Lines from the one with "Simple orange bin" through the end of the records, and no others, are what the answer should contain, copied exactly; please keep pictures out.

START MATERIAL FOR THIS TASK

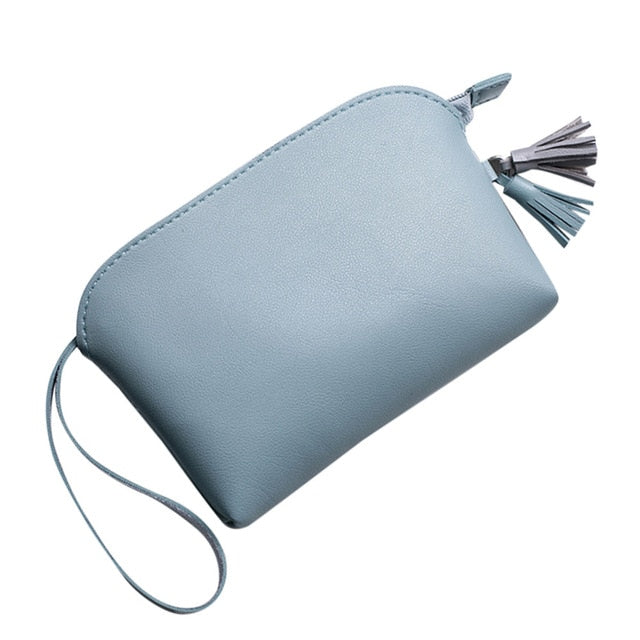 Fashion Women's Purse Cute Mini Money Ladies Leather Tassels Lichee Pattern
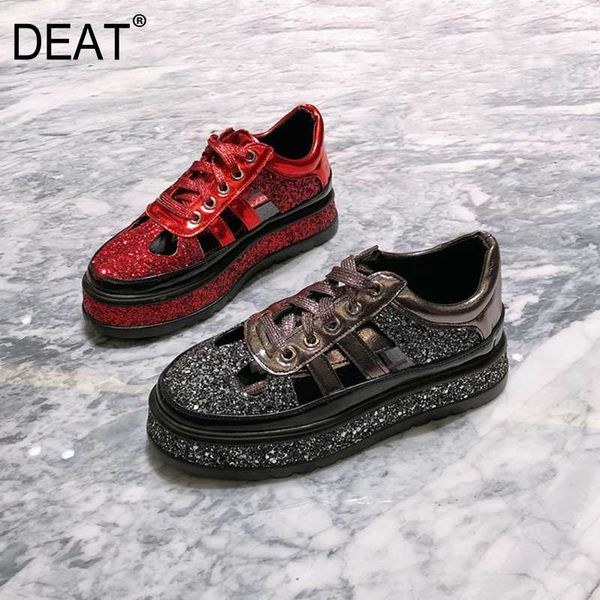 

deat] 2020 round toe pu leather hollow out bling color sequins single thick bottom shoes women new spring autumn tide 10h327, Black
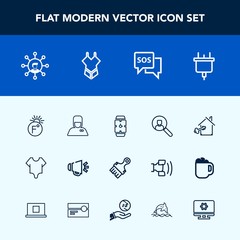 Modern, simple vector icon set with power, estate, hospitality, danger, thermometer, communication, display, fahrenheit, internet, safety, screen, loudspeaker, emergency, minute, cute, bodysuit icons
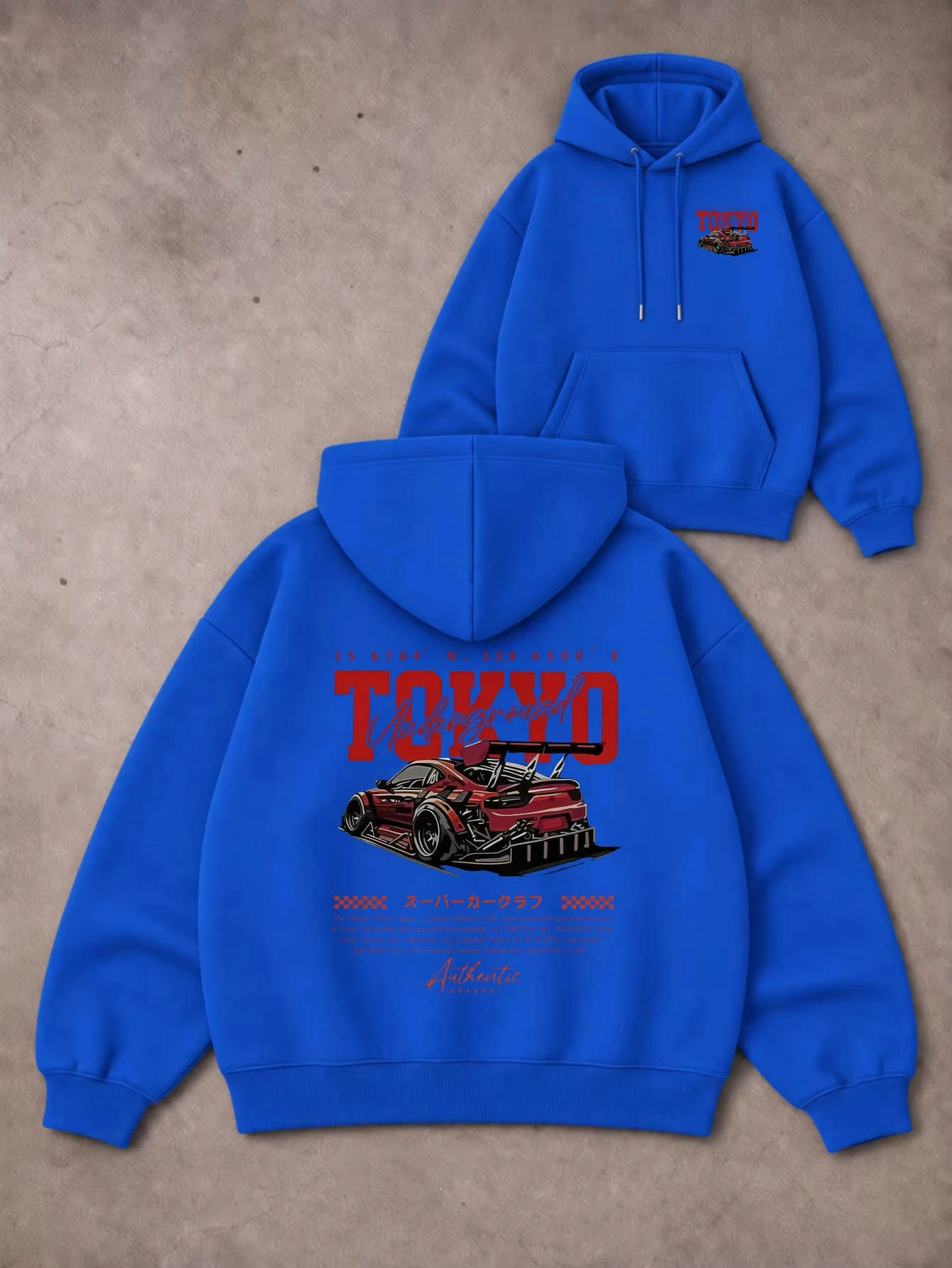 Streetwear Style, Men's Hoodie, Tokyo Supercar Graphic Design, Autumn Winter Casual Wear, Gift For Car Enthusiasts And Friends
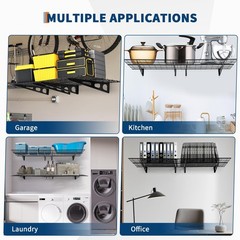 2pcs 2 x 6FT Garage Wall Shelving Wall Mounted Heavy Duty Shelving Easy Assembly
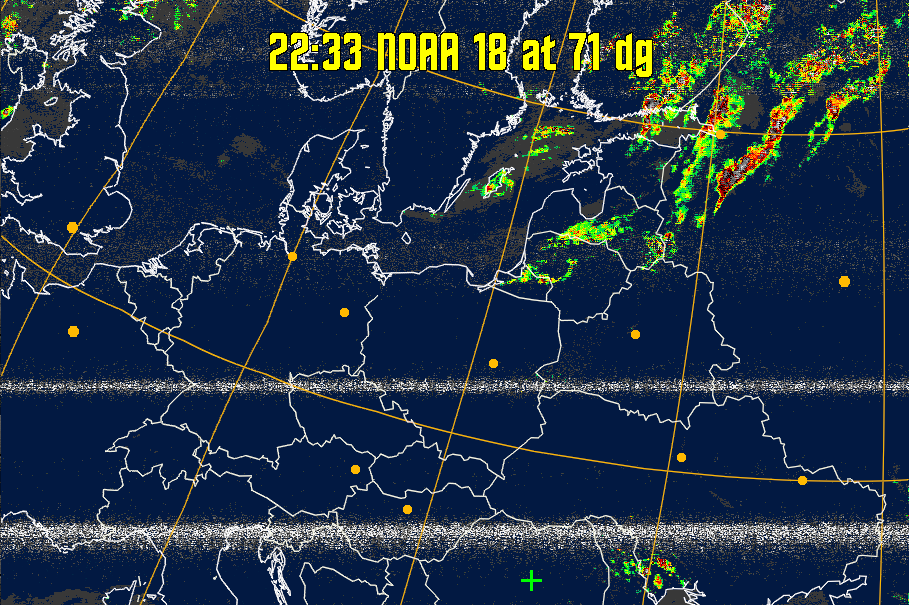 MSA-precip:
Same as MSA multispectral analysis, but high cold cloud tops are coloured the
same as the NO enhancement to give an approximate indication of the probability
and intensity of precipitation.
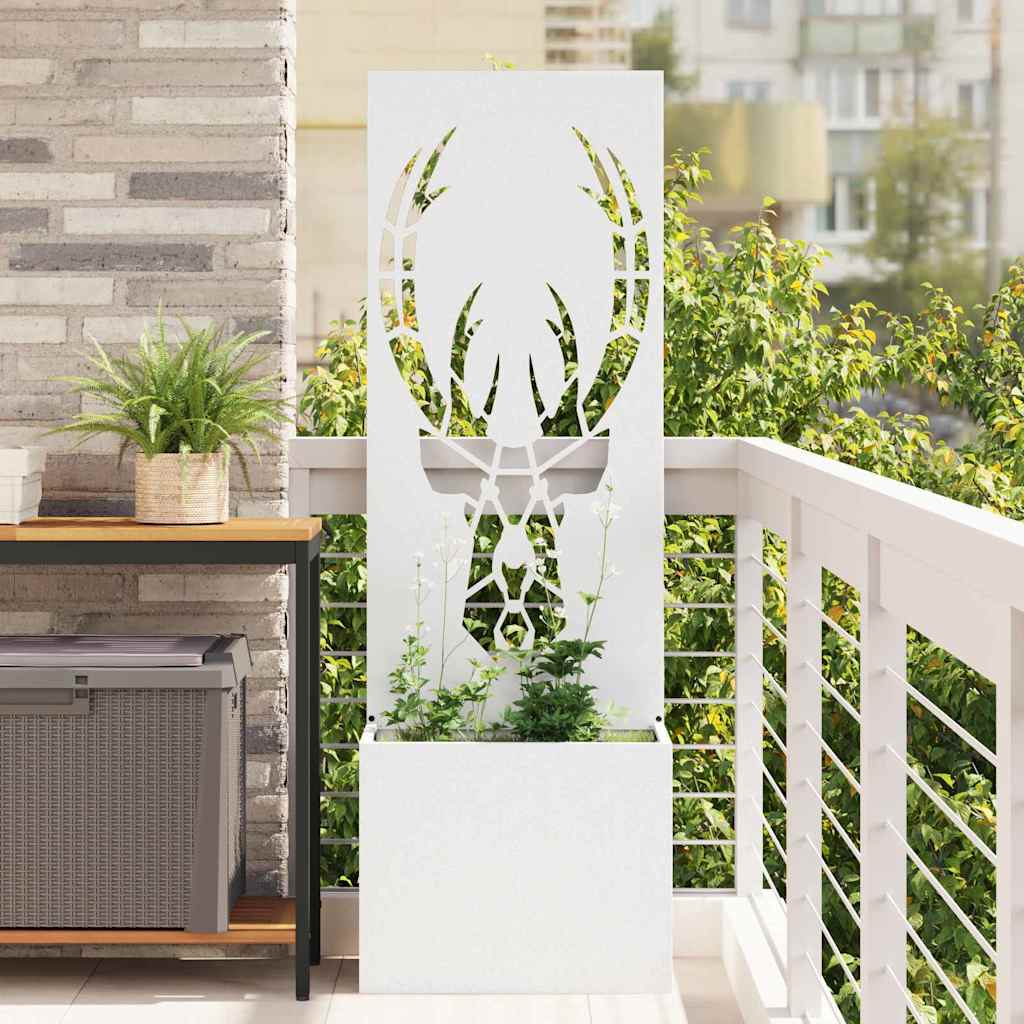 Garden Privacy Screen White 50 x 150 cm Cold-rolled steel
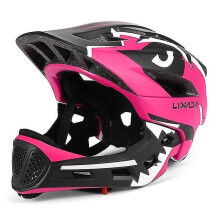 (Rose red) Kids Detachable Full Face Bike Helmet Children's Sports Child Cycling Mtb Motorcycle Skateboarding Roller Skating Helmet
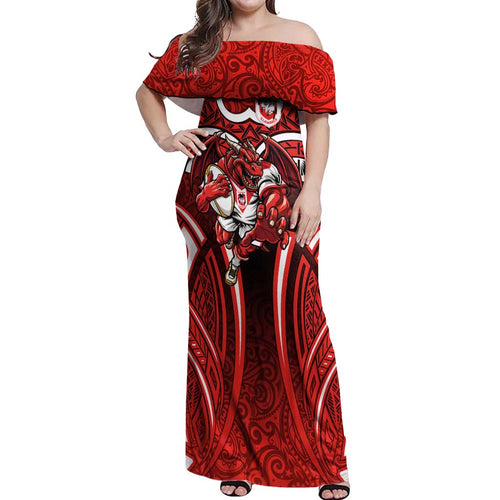 St George Illawarra Dragons Rugby Off Shoulder Maxi Dress Polynesian Tribal Dragon Warrior Red Pattern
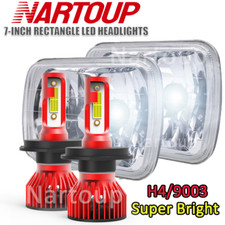 Pair 5X7 7x6 LED Headlights Hi Low Beam For International IHC 9200 9900 9400i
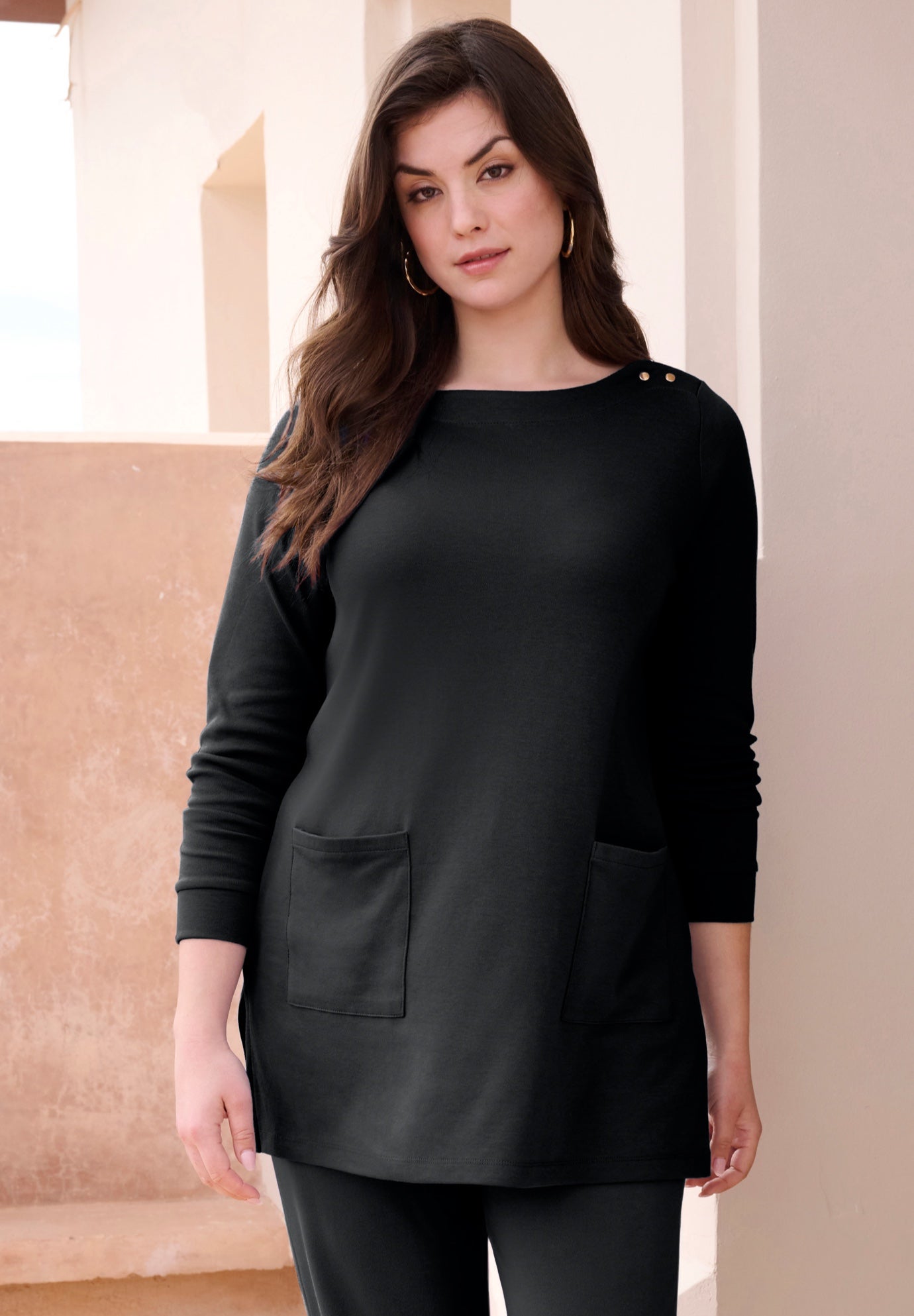 Snap Button Boatneck Soft Knit Tunic image number 0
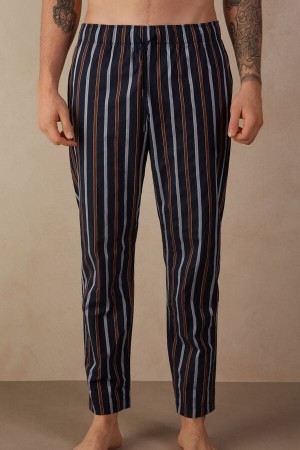 Pantaloni Intimissimi Striped Full Length In Plain-Weave Cotton Barbati Albastri | KUQIHG-547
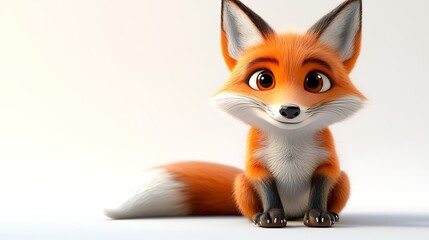 Obraz premium Close-up of a playful animated fox in a charming studio setting
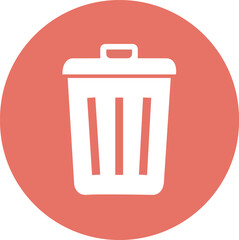 Simple orange bin icon. Stroke pictogram. isolated on a white background. Premium quality symbol. sign for mobile app and web sites.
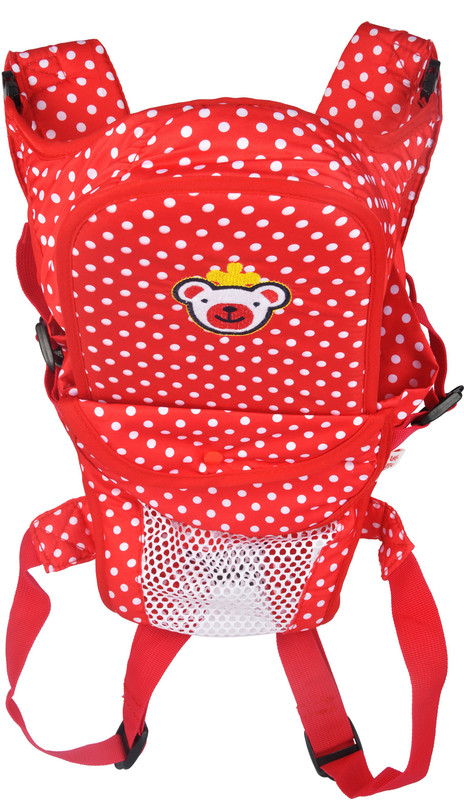 Kiwi 3 Way Polka Dotted Baby Carrier(Red, Front Carry facing in)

END MATERIAL FOR THIS TASK

FINISHED EXERCISE:
 Simple orange bin icon. Stroke pictogram. isolated on a white background. Premium quality symbol. sign for mobile app and web sites.
 Kiwi 3 Way Polka Dotted Baby Carrier(Red, Front Carry facing in)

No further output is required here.